Siggy wants to work more, holding overnight retreats to inspire women. This sounds horrible. You know what sounds even more horrible? Trying out the retreat idea on friends and family, which is what Siggy plans to do. You know, “friends” and family. Store this in the back of your brain in the same place you’re keeping Melissa’s vow to let it go: We’ll soon be in a cabin with all the women getting “inspired,” which I predict will include lots of talk about cake, lots of talk about pigtails, lots of references to “Soggy Flicker,” and lots of Melissa definitely not letting it go and living to regret it.
It’s tasting night at Gorga’s Homemade Pasta & Pizza, and Melissa has made the mistake of inviting everyone. But look, sheath dresses were not meant to languish in closets, and these gals have a lot of sheath dresses, so out they come. And thank god for that, because if the women hadn’t shown up, we may have never heard Teresa and Joe’s dad talk about the fact that Margaret is “blond on the top.” “Blond all over!” she quips back. Oh, these crazy kids talking about people’s vaginas over pasta. Does the fun ever stop?

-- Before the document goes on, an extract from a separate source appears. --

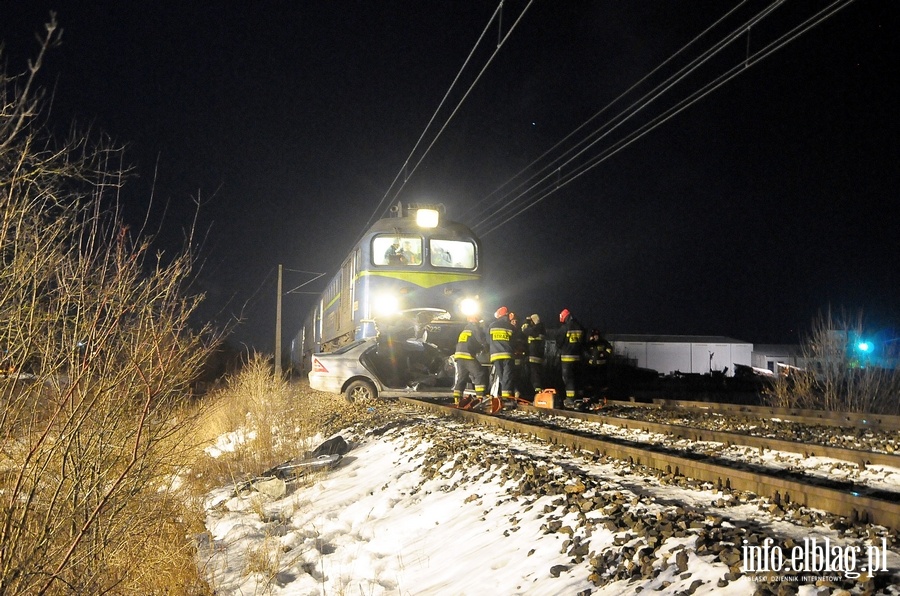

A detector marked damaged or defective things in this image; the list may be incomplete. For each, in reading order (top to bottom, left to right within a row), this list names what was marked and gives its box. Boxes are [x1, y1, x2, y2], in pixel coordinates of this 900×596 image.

crashed car [310, 332, 454, 402]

The whole gang assembles, including Danielle Staub, who I legitimately forgot was on this show. Honestly, if we’re going by screen time, Margaret’s mother, Marge Sr., is more deserving of her own tagline in the opening credits. I imagine it would be something along the lines of, “My daughter has pigtails, but I get a lot of tail.” Is tail unisex? And is it a butt? Marge has a lot of sex with men is what I’m saying. She’s a national treasure. She deserves a better tagline. I’ll work on it.
First order of business: trash-talk Dolores (your fault for being the last one there, D!) about her unconventional home situation. Her ex-husband just moved back in, even though the two of them have respective significant others, which seems like a good thing to gossip about. You know, two grown-ups living in a way that they enjoy and that works for them and hurts precisely no one. The good news is, the women quickly move on from critiquing Dolores’ living arrangement to critiquing Dolores’ supposed bad-mouthing of Teresa, and discussing whether Danielle is lying. Melissa says, “Danielle is the most misunderstood human alive,” to which I say, “PAHAHAHAHAHAHAHAHAHA.” And to which Siggy says, “I am so much more misunderstood than Danielle in this group.” And there it is, the moment we’ve all been waiting for: when Siggy turns everything back to herself and (I bet you all my Isabel Marant dresses) the cake.

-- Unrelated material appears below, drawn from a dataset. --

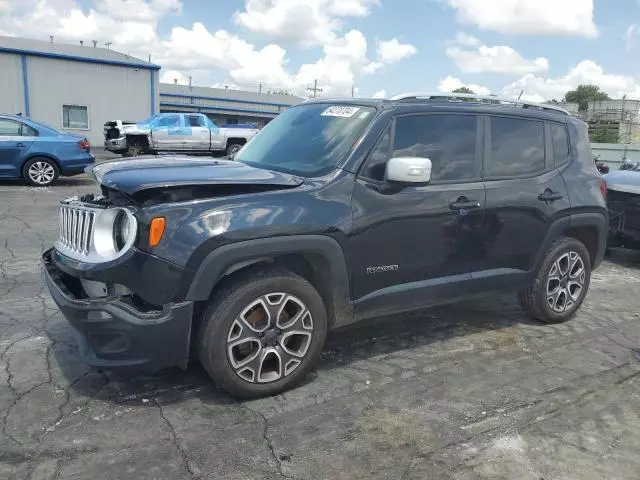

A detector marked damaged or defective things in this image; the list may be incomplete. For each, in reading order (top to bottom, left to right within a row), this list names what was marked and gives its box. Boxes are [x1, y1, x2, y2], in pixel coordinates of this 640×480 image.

front bumper damage [42, 249, 192, 374]
cracked asphalt [1, 173, 640, 480]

The room is divided into two tables: one with Dolores and Siggy telling their tale of woe to Melissa and Joe, the other with Danielle and Margaret (whom D has taken to calling Elly May Clampett, which is pretty funny), who hear all of it because the restaurant is the size of a New York City studio and also because this is reality TV and they are meant to clash over bowls of delicious-looking tagliatelle cooked up by Giacinto Gorga himself.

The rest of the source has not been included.